While I usually travel with adventure and exploration in mind, my travel buddy and I decided that this holiday we would forego climbing mountains, scaling ruins, and diving below sixty feet in exchange for a relaxing drink-beach-rinse-repeat kind of holiday. We made our way to Punta Cana, to an [he says embarrassingly] all inclusive resort which [he says contently] does not allow children.
Sans children our resort, the Majestic Colonial, was like a summer camp for adults, complete with activities, sporting events and shows. The beach and pools were beautiful. I have to give props to the Michael Jackson impersonator and the Cuban magician on the main stage — both pretty damn good. Aside from the wait staff, they added the only cultural diversity among an otherwise quite homogeneous [and predominantly Ontario Canadian] clientele. The weather, pool and beach were all phenomenal, and, as I have a penchant for drinks either 1) in a coconut, 2) in a pineapple or 3) with rum, I had way too many all inclusive “BananaMamas” and under the Caribbean sun turned many shades darker thanks to my Sicilian lineage. I have the speedo tan line to prove it. Message me privately for more details. One disconnect, the wifi was not very good which was surprising given all of the other service aspects of the resort [take note Majestic Colonial].

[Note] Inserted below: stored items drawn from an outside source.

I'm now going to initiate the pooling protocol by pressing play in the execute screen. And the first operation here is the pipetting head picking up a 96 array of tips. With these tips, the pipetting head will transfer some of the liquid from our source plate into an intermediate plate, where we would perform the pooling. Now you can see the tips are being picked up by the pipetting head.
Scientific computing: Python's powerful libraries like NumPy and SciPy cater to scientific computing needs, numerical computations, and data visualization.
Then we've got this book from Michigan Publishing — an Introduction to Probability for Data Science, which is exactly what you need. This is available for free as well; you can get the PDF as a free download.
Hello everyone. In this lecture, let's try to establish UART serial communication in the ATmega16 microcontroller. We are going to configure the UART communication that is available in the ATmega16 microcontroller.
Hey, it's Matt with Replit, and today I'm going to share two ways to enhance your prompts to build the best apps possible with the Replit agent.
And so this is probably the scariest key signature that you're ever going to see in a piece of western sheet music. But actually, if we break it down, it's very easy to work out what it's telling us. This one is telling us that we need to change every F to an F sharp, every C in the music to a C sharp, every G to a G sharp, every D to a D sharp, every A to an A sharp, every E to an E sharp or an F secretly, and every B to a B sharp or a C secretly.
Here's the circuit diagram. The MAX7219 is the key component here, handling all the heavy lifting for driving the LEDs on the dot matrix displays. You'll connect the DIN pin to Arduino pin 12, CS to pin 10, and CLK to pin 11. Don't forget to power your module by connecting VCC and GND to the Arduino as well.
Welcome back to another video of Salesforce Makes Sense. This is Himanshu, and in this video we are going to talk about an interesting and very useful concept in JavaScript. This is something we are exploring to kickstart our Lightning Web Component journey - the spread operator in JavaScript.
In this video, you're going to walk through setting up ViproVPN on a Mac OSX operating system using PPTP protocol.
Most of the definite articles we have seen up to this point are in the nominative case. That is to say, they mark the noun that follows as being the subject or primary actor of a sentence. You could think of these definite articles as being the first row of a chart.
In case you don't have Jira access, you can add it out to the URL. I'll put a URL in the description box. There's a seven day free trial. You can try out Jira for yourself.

This resort, as with most resorts of its kind, was full of wedding parties off to their dream destination wedding. I don’t necessarily mock the choice, however I do mock the choice of wedding music, as having grown up in a family wedding band I know about these things. Each day a gazebo on the beach in the center of the almost naked masses sunning themselves became a bride and groom’s nuptial ground zero. Beach weddings, with all of the trappings of an episode of Bridezillas, were ubiquitous. Uncannily, most began with the horrid ukulele version of “Somewhere Over the Rainbow”. As if the song itself was not tired enough, the ukulele added that cheap greeting card island charm, even though the Dominican Republic was not a particularly ukulele-ish island (this was not Hawaii). I suppose if it was your wedding it may have seemed special, but seeing several every day put that uniqueness into perspective for the rest of the guests at the resort. It was nothing less than a ukulele-zombie wedding factory. I wonder if there is a ukulele version of the theme to “Divorce Court” as well?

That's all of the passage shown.